Abstract The NKG2A axis is an emerging immune checkpoint. Blocking antibodies to the NKG2A receptor in combination with cancer vaccines and PD-(L)1 antibodies have been found to enhance anti-tumor immunity in murine models and cancer patients. The ligand for the NKG2A receptor is the non-classical major histocompatibility (MHC) class Ib molecule, Qa-1 bin mice (HLA-E in humans), loaded with leader peptides from classical MHC class Ia molecules to form Qa-1 b/Qdm peptide complexes. Here, we explore the therapeutic value of targeting the NKG2A ligand, not done previously, using our recently described single-domain T-cell receptor mimic (TCRm) antibody, EXX-1. Two syngeneic murine tumor models (A20 and CT26) were used to evaluate the therapeutic potential of EXX-1 and its mode(s) of action. The initial study done showed EXX-1 Fc active (mIgG2a) displayed optimal tumor growth inhibition and prolonged survival time in mice compared to a modified form of EXX-1 containing an inactive Fc domain. These findings suggested that in addition to blocking the NKG2A pathway, EXX-1 Fc active antibody likely induces tumor cell death via antibody dependent cellular cytotoxicity (ADCC).

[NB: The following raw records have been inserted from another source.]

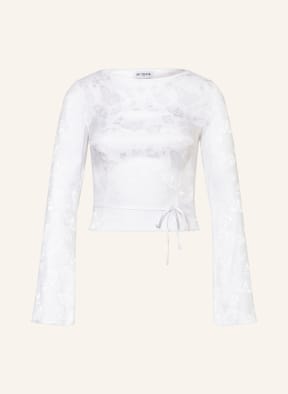 MUSIER PARIS Blusenshirt CARMEN, Farbe: WEISS (Bild 1)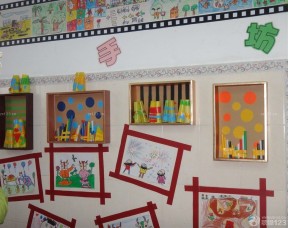 幼兒園裝修設計圖片 幼兒園照片墻效果圖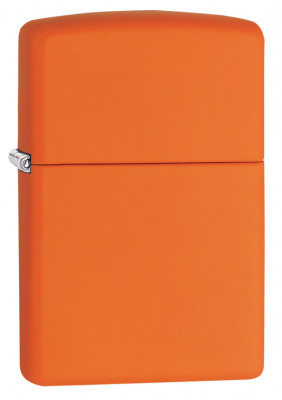 Зажигалка ZIPPO бензиновая Orange Matte 231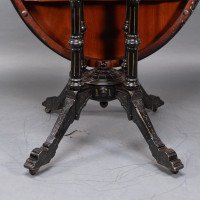 Gillows, attributed. An Aesthetic Movement Tilt Top Dining Table with Floral Inlays - Thumbnail 17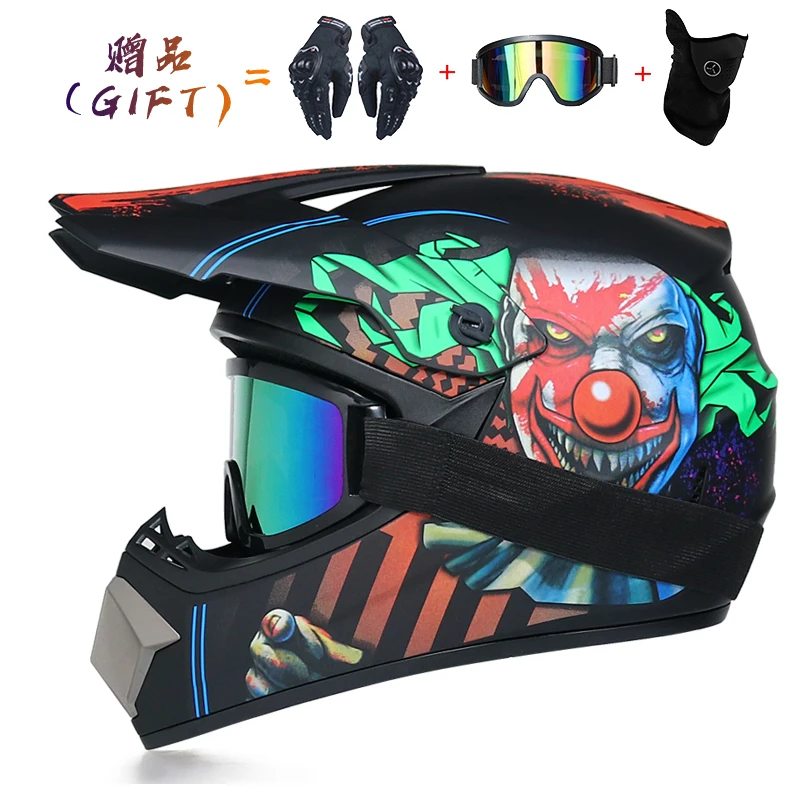 Profissional Leve Off-Road Motocicleta Capacete para Crianças, Bicicleta de Corrida, ATV, Veículo Off-Road, Downhill, Capacete DH Cross, Capacete de Motocross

Moreover, mice treated with EXX-1 antibody as single agent therapy showed significantly better survival outcomes compared to the cohort of mice treated with blocking antibody to the NKG2A receptor. This implies that there might be potential benefits of targeting the NKG2a ligand over the NKG2A receptor though this will require further investigation. Additionally, combination therapy using EXX-1 Fc active and PD-(L)1 blocking antibodies revealed markedly improved rates of tumor-free mice compared to mice receiving treatment with EXX-1 Fc active or anti-PD-(L)1 antibody alone.